Judy Pulley was born in Warwickshire but has lived in London for thirty years, working as a teacher and in the media before becoming a full-time guide in 1995. Judy is a London Blue Badge guide and a City of London guide, conducting tours in all areas of London, with particular interest in East London where she lives. She has written a book on the City of London – Streets of the City – which was published in 2006. Her interests include photography, industrial heritage, architecture and stone carving.
Hilary Ratcliffe read history at Bristol University and taught in high schools before training as a City of London guide in 1991. She trained as a Blue Badge guide in 1998 and now works full-time as a tourist guide. She recently completed the St Albans city-guide course. In addition Hilary is a Soroptimist – a member of an international business and professional women’s service organisation which works to improve the lives of women and girls worldwide. In her spare time she enjoys theatre, walking, reading and travelling.
Richard Roques trained as an actor at the Central School of Speech and Drama. He works full-time as a guide with London Walks® with a repertoire of over forty different walks. He has written seven full-length plays for the stage and a number of short stories and radio plays. Of his first play, Looks Like Freedom, Bonnie Greer wrote in Time Out: ‘His insights … are compassionate and often hilarious … this play, with its honesty and willingness to engage the world, is worth all the well-crafted, directed to death but essentially tiny plays currently in fashion.’ Richard won the 2006 Windsor Fringe Festival award for his short play Don’t Open the Door. His comedy The History of London Until it Got Burnt Down had a successful run in the West End in 2008 and is set to return. His latest play Get Rich Quick will also be premiering in 2009.
Donald Rumbelow is internationally recognised as the leading authority on Jack the Ripper. Britain’s most distinguished crime historian, he is the author of the pre-eminent book on the Ripper, the bestselling The Complete Jack the Ripper. A former Curator of the City of London Police Crime Museum and a two-time Chairman of the Crime Writers Association, he is a Freeman of the City of London and a professionally qualified Blue Badge and City of London Guide.
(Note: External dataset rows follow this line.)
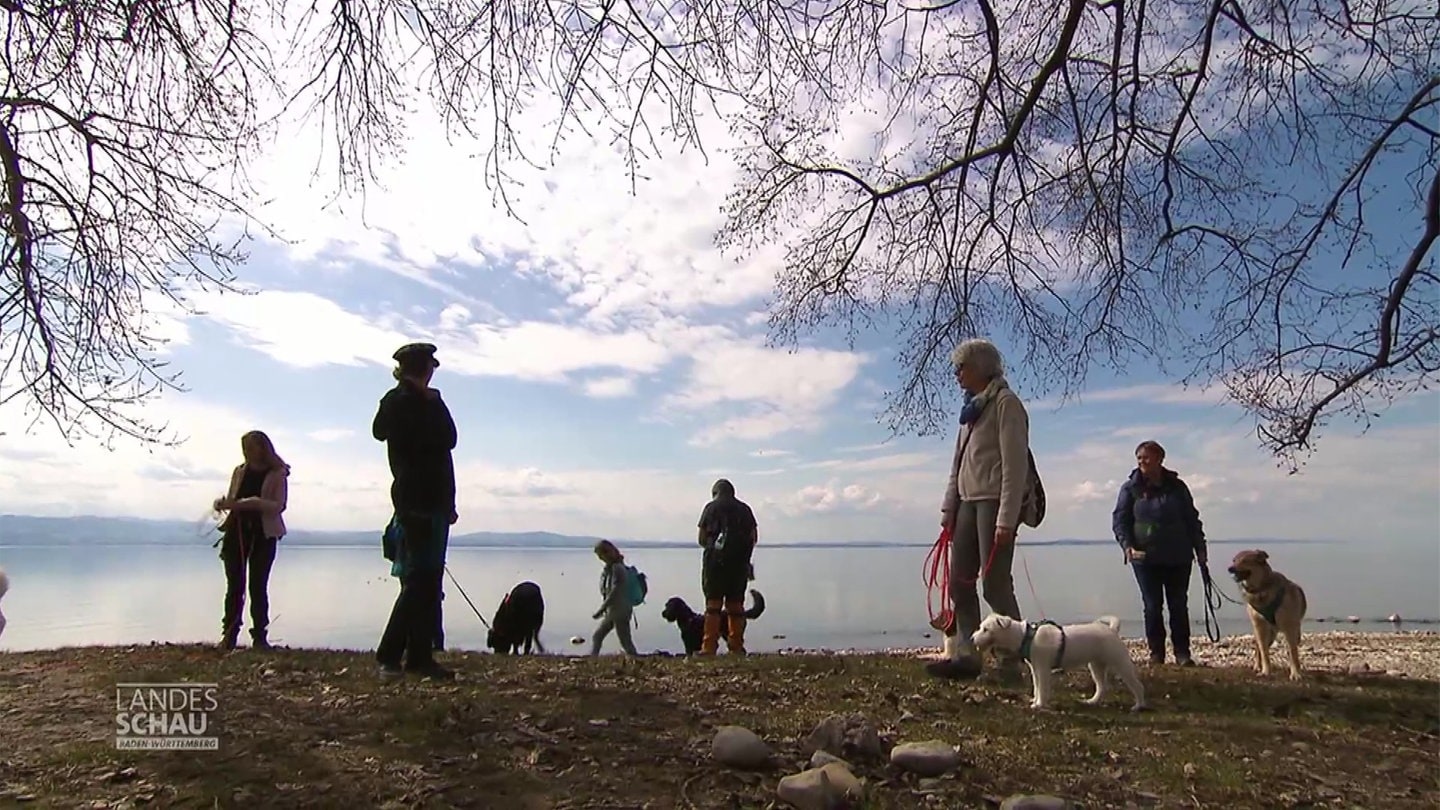 Soko Wuff am Bodensee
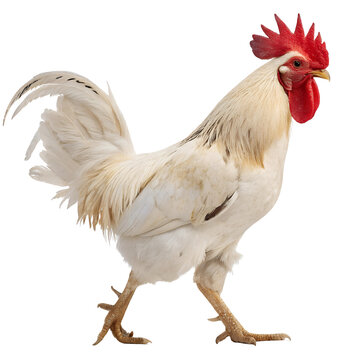 Walking White Rooster on a Farm isolated on transparent background cutout, Png, Cutout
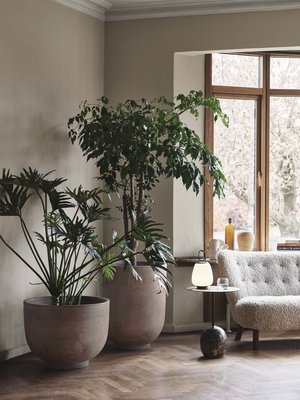 Puut ja suurikokoiset kasvit tarvitsevat tarpeeksi suuren ruukun. Tanskalaisen &Traditionin mallistossa on useita suuria ja veistoksellisia ruukkuja, jotka sopivat myös ulkokäyttöön, alk. 224e. 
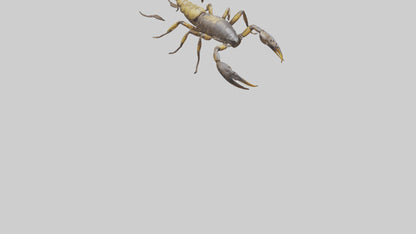 Scorpion walking model 3D model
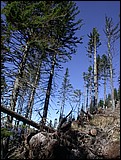 DSCN3841.JPG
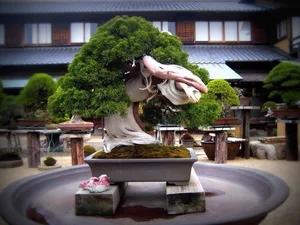 The Art of Living Sculptures: Exploring the World’s 10 Most Exquisite and Unique Bonsai Masterpieces - image 0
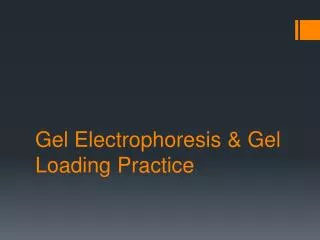 Gel Electrophoresis &amp; Gel Loading Practice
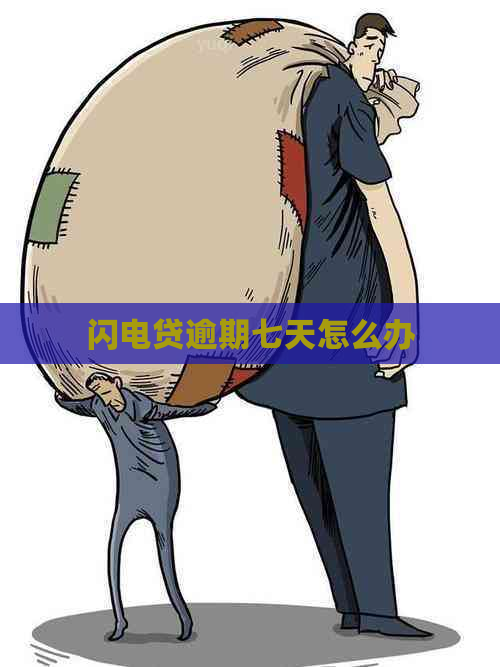 闪电贷逾期七天怎么办
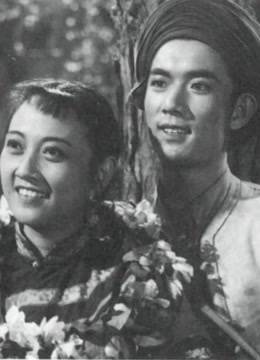 神秘的旅伴1955封面图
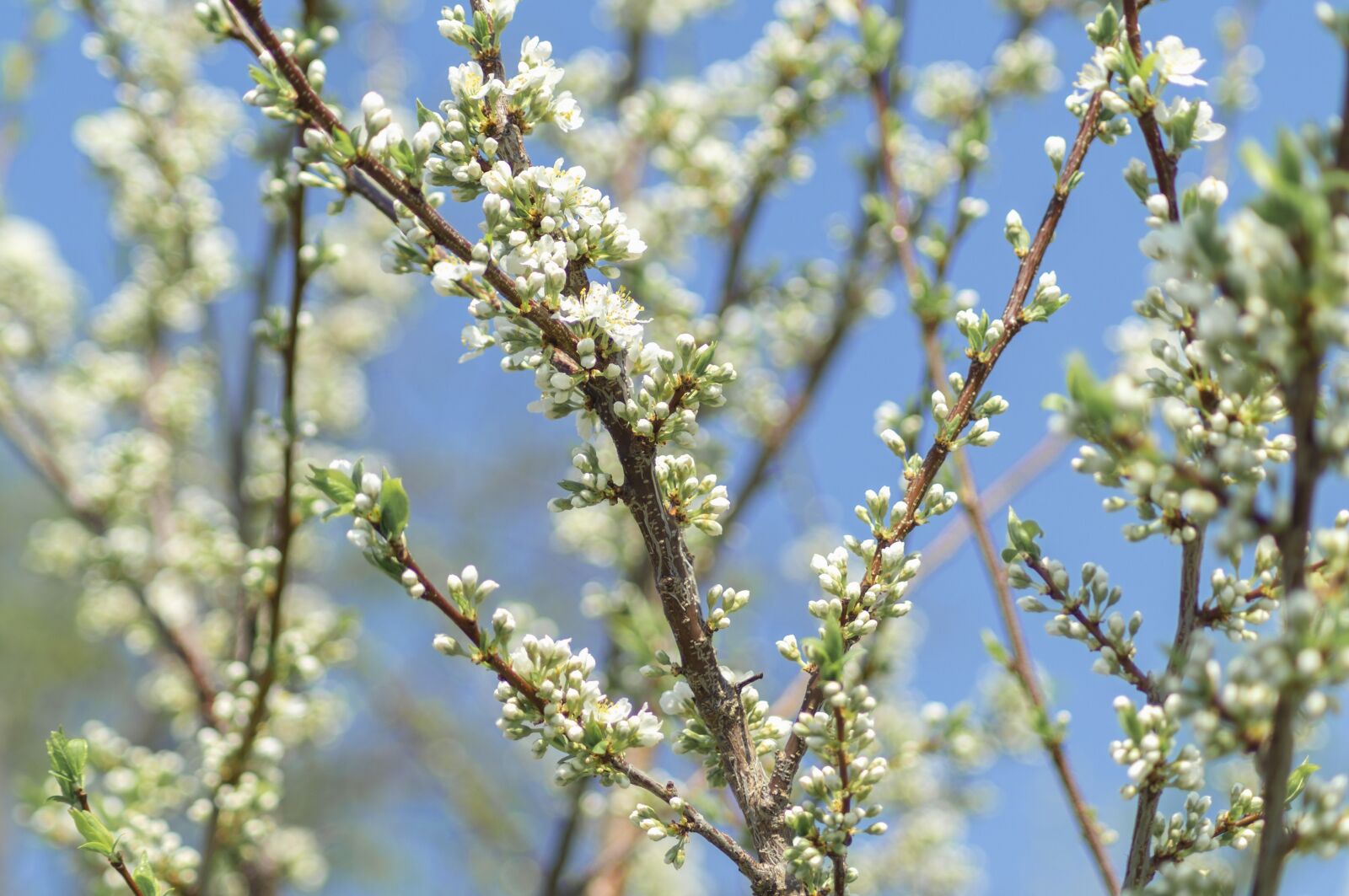Sony SLT-A37 sample photo. Apple tree, spring, nature photography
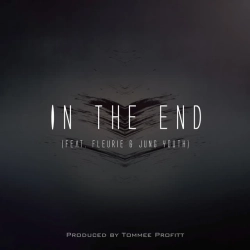 Tommee Profitt & Fleurie & Mellen Gi - In The End - Mellen Gi Remix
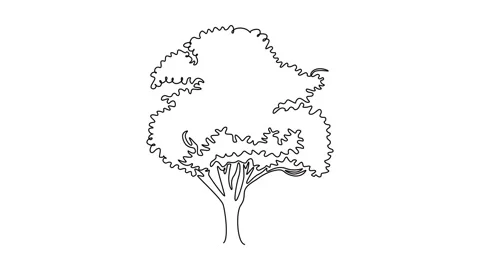 Animated self drawing of continuous line draw exotic Japanese sakura tree f.. Stock Footage 302546924
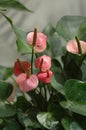 Anthurium andraeanum Linden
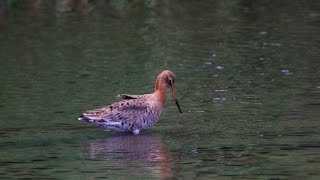 Blacktailed godwit 黑尾鷸 [upl. by Sinclare]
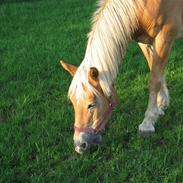 Haflinger Heidi - Willy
Adam Scott is an author, columnist, critic and blogger who moved to London from his native Edinburgh ‘just to see what all the fuss was about’. That was eighteen years ago. He’s still here. He has covered theatre for the Independent, bars for Time Out and has written about London from every angle, from the Button Queen shop in Marylebone to Dulwich Hamlet Football Club. He counts it a privilege to shout his head off in the street about the world’s greatest city and dedicates his chapters to his wife Karen (a former Blue Badge Guide of the Year) and his baby daughter Isobella.
Shaughan Seymour has worked as a London Walks® guide for eighteen years and has trained as a City of London and Blue Badge Guide. He has followed other London tale-tellers and scribbled in their wake, picking up what scraps he can, rummaging in the archives, and visiting as many second-hand bookshops as possible. He also works as an actor, mostly in television and film, and occasionally serenades his groups with a song or two.
David Tucker is the seigneur of this favoured realm (London Walks), broods over words, breeds enthusiasms, and is generally ‘unmanageable’. A balterer, literary historian, university lecturer and lifelong thanatophobe, he’s also the London Walks® ‘pen’ – he writes the leaflet and website.